By including plantations in its proposed emissions trading scheme — but not native forests — the Government will create counter-productive market signals for climate-change mitigation and forestry-industry productivity. Perhaps unwittingly, it proposes to reward investment in an inferior sequestration strategy (plantations) and handicap the economically superior plantation-processing industry relative to its native-forest-based competitors whose emissions will not be costed. The result may be perverse in two ways. First, emissions are likely to be higher overall, as logging is redirected into native forests where emissions liabilities do not apply. Secondly, wood supply for plantation processors may become too expensive as wood-growing competes with carbon-growing and the value of carbon rises (Wood & Ajani 2008).

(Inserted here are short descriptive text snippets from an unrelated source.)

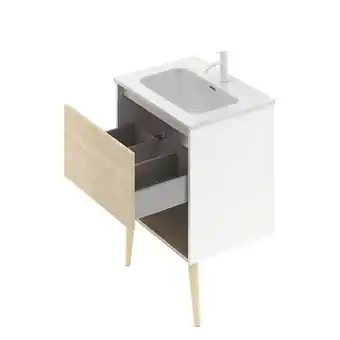 Bricorama Meuble salle de bain simple vasque NARA largeur 60 - 80 cm chêne clair et blanc 60 cm Miroir non inclus offre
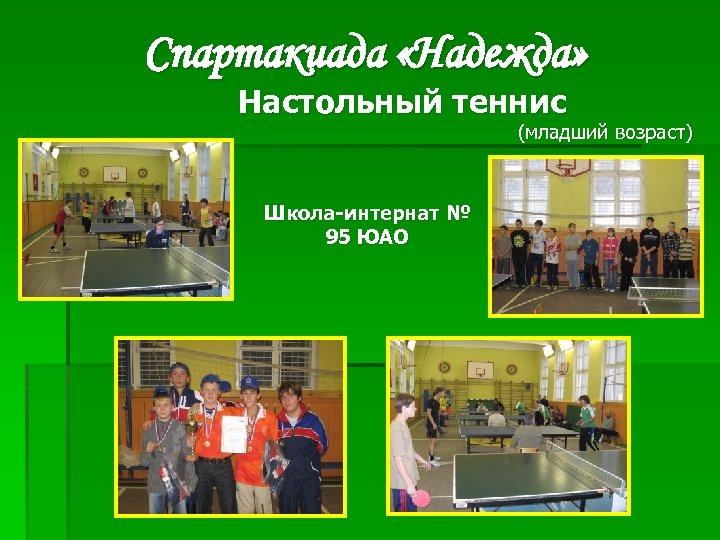 Спартакиада «Надежда» Настольный теннис (младший возраст) Школа-интернат № 95 ЮАО 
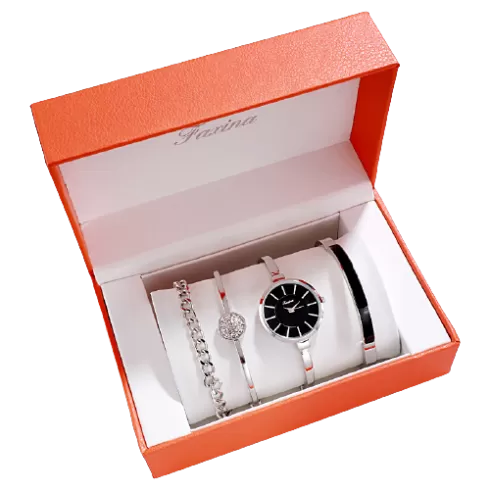 FAXINA ZY002 Ρολόι σετ  Stainless Steel silver black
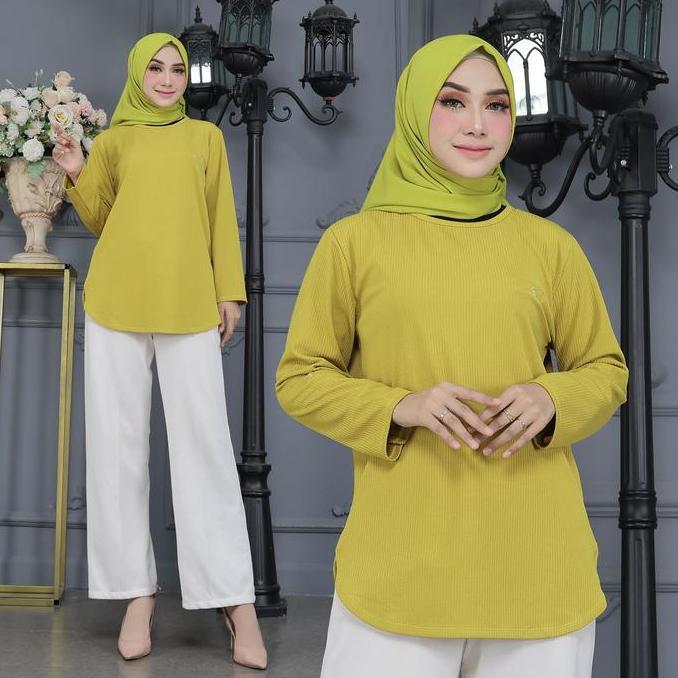 Uprelig- [Nayla Blouse] Kaos Atasan Fenomenal Wanita Lengan Panjang Muslim Baju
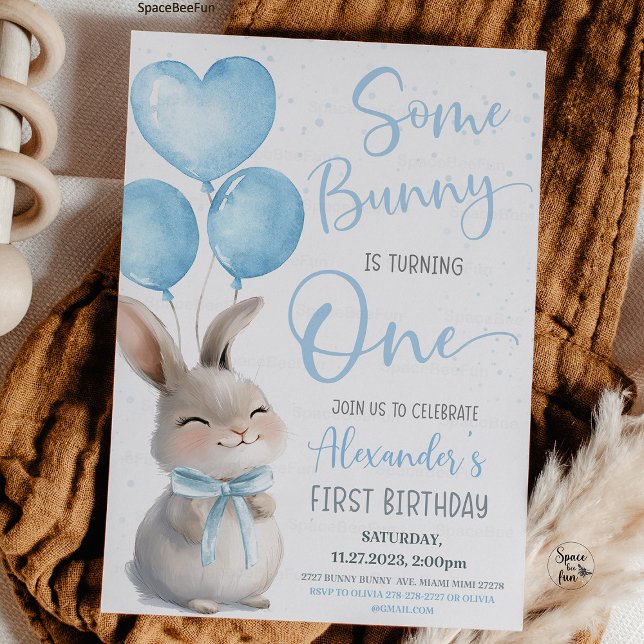 Convites Algum Coelhinho é um dos primeiros aniversários do (Some Bunny is One, 1st Birthday Invitation, Bow Bunny Birthday, Bunny Theme Party, First Birthday Gi)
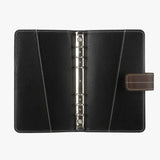 可可咖線條工商日誌，內裏黑色的斜切車縫線設計，多功能收納袋、筆插、烙印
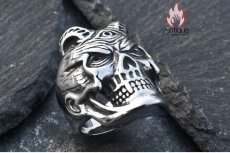 画像7: Antique Jewelry ダークな悪魔神の目スカルリング 男性用 個性的なチタンステンレススチール製指輪、欧米風のスタイルに合わせておしゃれを楽しめるアクセサリー (7)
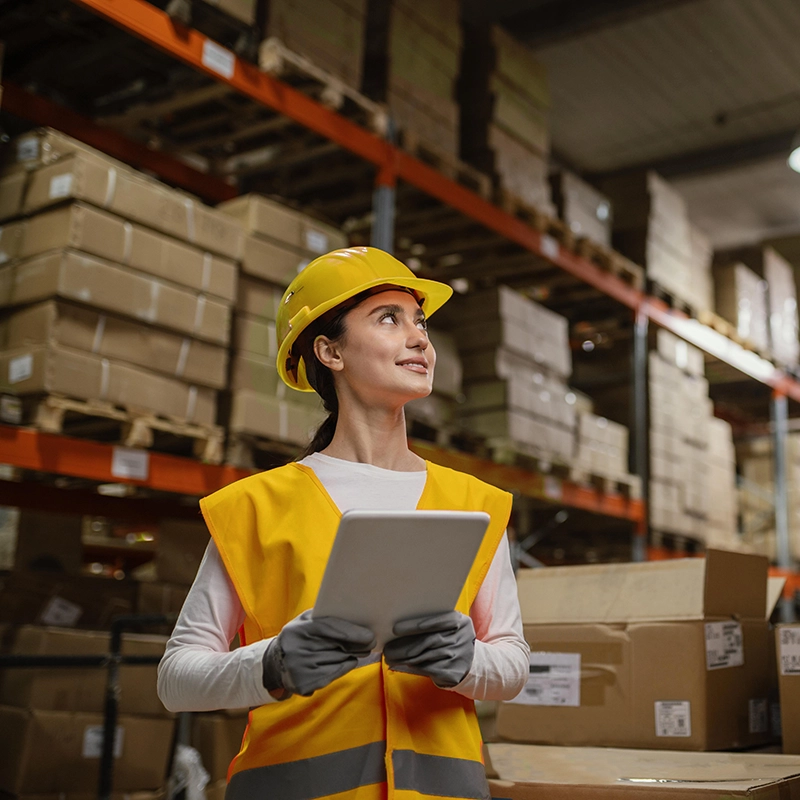 woman safety equipment working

This outcome could be avoided with a structural adjustment package to complete the forestry industry’s plantation transition — particularly in the hardwood-chip sector — combined with directing the task of biomass sequestration to self-regenerating natural ecosystems managed under a new institution, as discussed earlier. In this policy frame, wood supply remains the objective of plantation investment. With fossil fuels covered in an emissions trading scheme and carbon sequestered in plantation biomass cancelling out emissions over a rotation, the plantation industry has grounds for arguing its raw material be excluded from emissions trading. If granted, the associated compliance costs evaporate.




[5] Australia emitted in the region of 576 million tonnes of CO2-e in 2006. (www.climatechange.gov.au)

[6] Author’s calculation method and sources available on request.